Problem details → In the entries below, begin at the line that has "Купить 2-комнатную квартиру, Минск, Победителей", stop after the line that has "UNIQLO | トートバッグ", and output those lines exactly with no pictures.

Records supplied →
Content starts
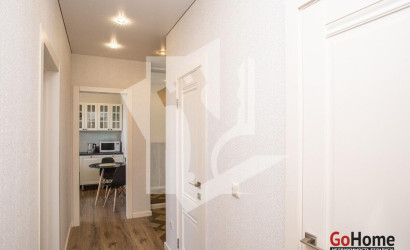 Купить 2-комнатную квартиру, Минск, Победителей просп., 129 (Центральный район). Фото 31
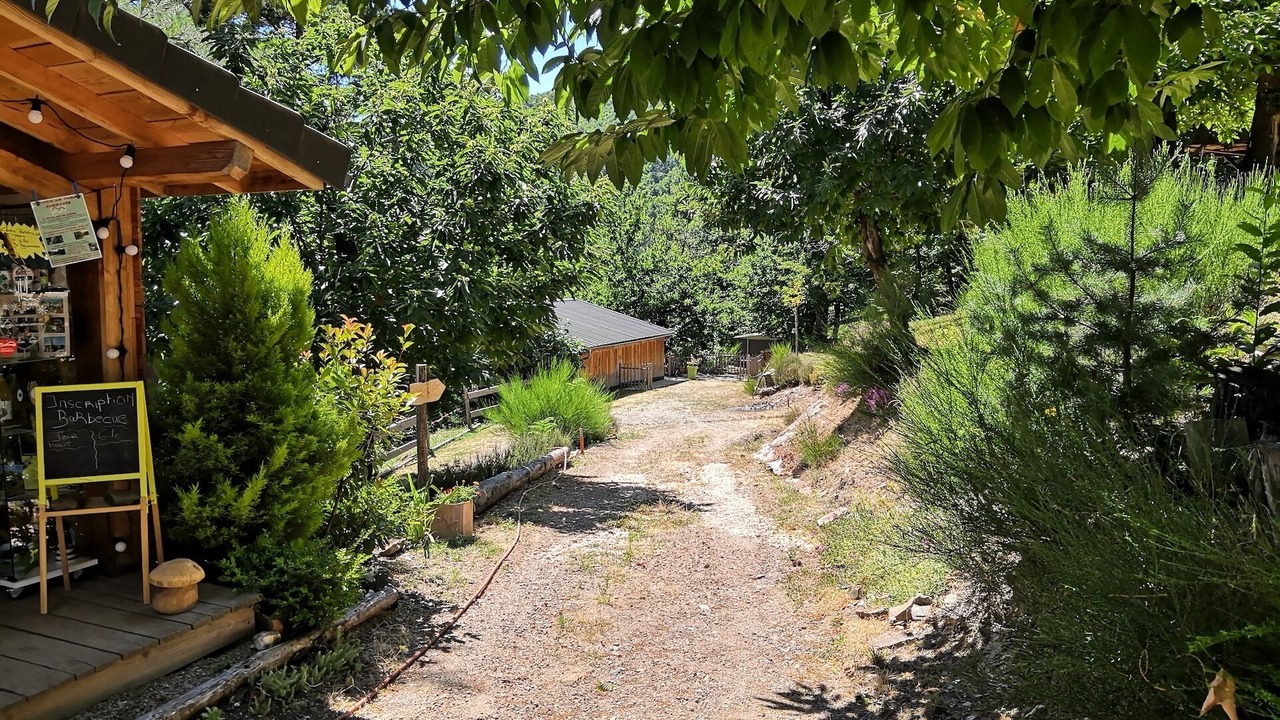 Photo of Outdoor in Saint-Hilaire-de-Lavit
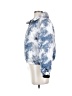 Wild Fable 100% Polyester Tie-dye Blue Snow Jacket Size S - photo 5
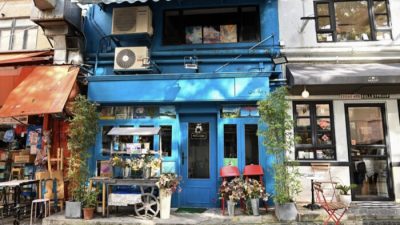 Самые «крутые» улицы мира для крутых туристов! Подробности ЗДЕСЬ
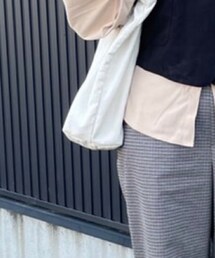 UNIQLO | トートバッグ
Content ends
Content starts
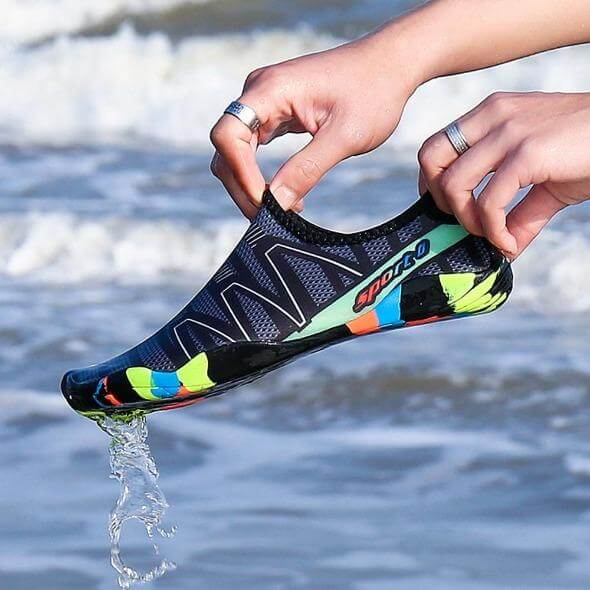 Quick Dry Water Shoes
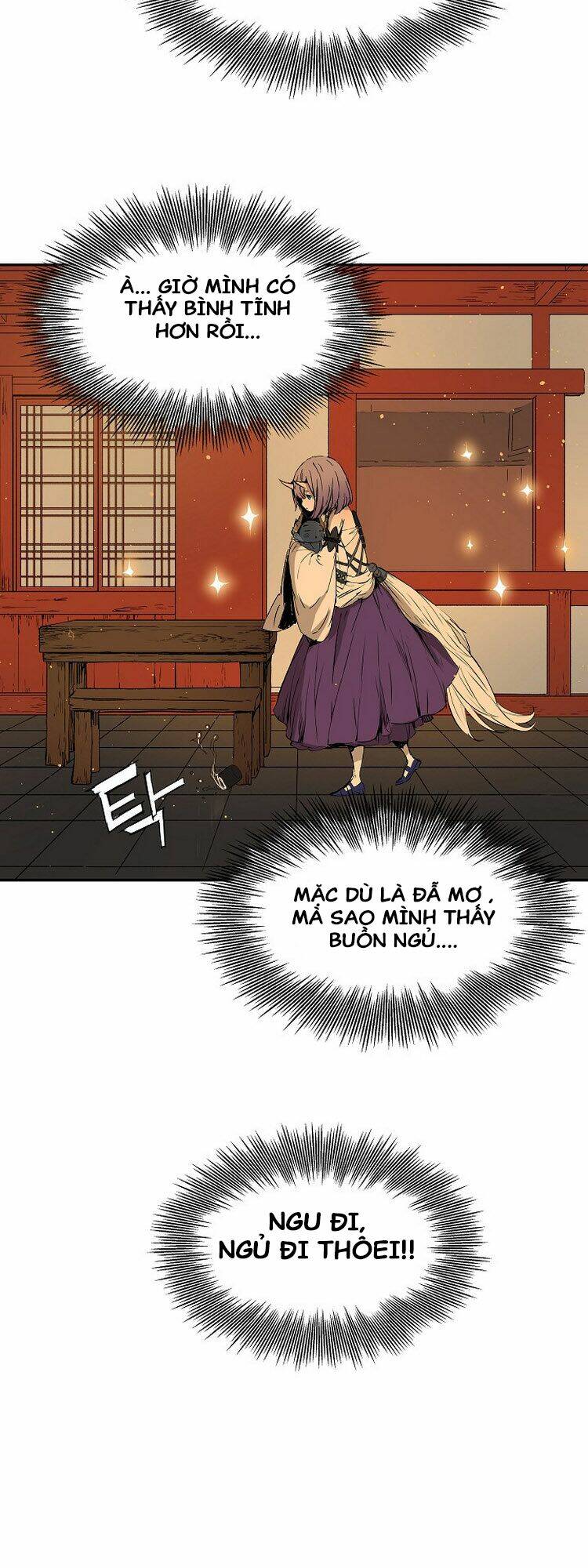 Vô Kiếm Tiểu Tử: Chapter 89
Content ends
Task output →
 Купить 2-комнатную квартиру, Минск, Победителей просп., 129 (Центральный район). Фото 31
 Photo of Outdoor in Saint-Hilaire-de-Lavit
 Wild Fable 100% Polyester Tie-dye Blue Snow Jacket Size S - photo 5
 Самые «крутые» улицы мира для крутых туристов! Подробности ЗДЕСЬ
 UNIQLO | トートバッグ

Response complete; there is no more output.